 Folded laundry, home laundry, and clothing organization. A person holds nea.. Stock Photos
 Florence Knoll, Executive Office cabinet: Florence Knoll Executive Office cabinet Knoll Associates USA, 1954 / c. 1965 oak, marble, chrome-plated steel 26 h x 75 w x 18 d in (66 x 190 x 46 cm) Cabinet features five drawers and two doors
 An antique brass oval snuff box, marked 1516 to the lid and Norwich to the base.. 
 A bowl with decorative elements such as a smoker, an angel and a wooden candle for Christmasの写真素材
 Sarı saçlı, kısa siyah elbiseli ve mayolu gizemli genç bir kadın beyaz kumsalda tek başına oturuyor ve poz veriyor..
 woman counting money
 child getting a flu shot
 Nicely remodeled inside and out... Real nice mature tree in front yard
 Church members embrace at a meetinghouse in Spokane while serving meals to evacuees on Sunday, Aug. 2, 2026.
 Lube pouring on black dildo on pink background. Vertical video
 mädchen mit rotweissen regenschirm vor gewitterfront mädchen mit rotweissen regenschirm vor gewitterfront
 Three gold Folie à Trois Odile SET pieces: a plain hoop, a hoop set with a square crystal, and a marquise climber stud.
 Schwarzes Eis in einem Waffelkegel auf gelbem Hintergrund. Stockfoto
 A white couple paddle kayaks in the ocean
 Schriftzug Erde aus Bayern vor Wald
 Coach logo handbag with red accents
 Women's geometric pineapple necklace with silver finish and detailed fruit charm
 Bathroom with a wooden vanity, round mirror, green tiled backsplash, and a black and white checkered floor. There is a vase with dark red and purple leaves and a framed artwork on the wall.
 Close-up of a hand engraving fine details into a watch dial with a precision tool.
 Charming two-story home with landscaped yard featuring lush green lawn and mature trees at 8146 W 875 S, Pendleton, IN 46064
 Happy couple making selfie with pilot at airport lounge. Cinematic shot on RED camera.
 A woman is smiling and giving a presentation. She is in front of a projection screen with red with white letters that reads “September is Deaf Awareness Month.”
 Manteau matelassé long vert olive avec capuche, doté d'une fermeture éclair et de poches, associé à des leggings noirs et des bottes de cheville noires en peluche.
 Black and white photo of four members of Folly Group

Exercise description: Find the line that contains "Women's geometric pineapple" in the data above. Reproduce it and every later line exactly, through the last one.

Solution to this problem:
 Women's geometric pineapple necklace with silver finish and detailed fruit charm
 Bathroom with a wooden vanity, round mirror, green tiled backsplash, and a black and white checkered floor. There is a vase with dark red and purple leaves and a framed artwork on the wall.
 Close-up of a hand engraving fine details into a watch dial with a precision tool.
 Charming two-story home with landscaped yard featuring lush green lawn and mature trees at 8146 W 875 S, Pendleton, IN 46064
 Happy couple making selfie with pilot at airport lounge. Cinematic shot on RED camera.
 A woman is smiling and giving a presentation. She is in front of a projection screen with red with white letters that reads “September is Deaf Awareness Month.”
 Manteau matelassé long vert olive avec capuche, doté d'une fermeture éclair et de poches, associé à des leggings noirs et des bottes de cheville noires en peluche.
 Black and white photo of four members of Folly Group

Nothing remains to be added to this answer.